Plan, na który Bruksela byłaby gotowa czekać, już istnieje, a gdańscy związkowcy chcą porozmawiać o nim z unijną komisarz do spraw konkurencji, Neelie Kroes. Według informacji RMF FM plan jest gotowy od lutego tego roku.
Do tej pory Bruksela prezentowała bardziej usztywnione stanowisko wobec apeli strony polskiej. Rzecznik Komisji Europejskiej Jonathan Todd ogłosił, że nie będzie żadnych wcześniejszych uzasadnień decyzji Komisji w sprawie polskich stoczni. Analiza planów polskiego rządu ma zostać zawarta dopiero w ostatecznej decyzji o zatwierdzeniu bądź odrzuceniu pomocy publicznej.
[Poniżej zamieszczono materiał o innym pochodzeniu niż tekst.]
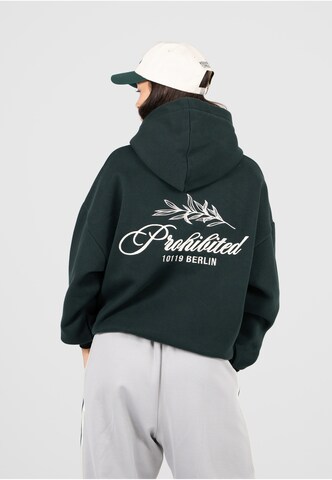 Prohibited Sweatshirt 'Leaf' in Green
Minister Aleksander Grad chce powołać też specjalny zespół niezależnych ekspertów, którzy oceniliby ten program restrukturyzacji stoczni. Szef reportu skarbu twierdzi, że rząd ma plan „B” dla przedsiębiorstw w Gdańsku, Gdyni i Szczecinie. Ten program składa się z dwóch części. Jedna to jest pomoc dla stoczniowców. Drugi to są inwestorzy dla stoczni, którzy przyjdą, gdyby była negatywna decyzja poprzez upadłość - mówi Grad.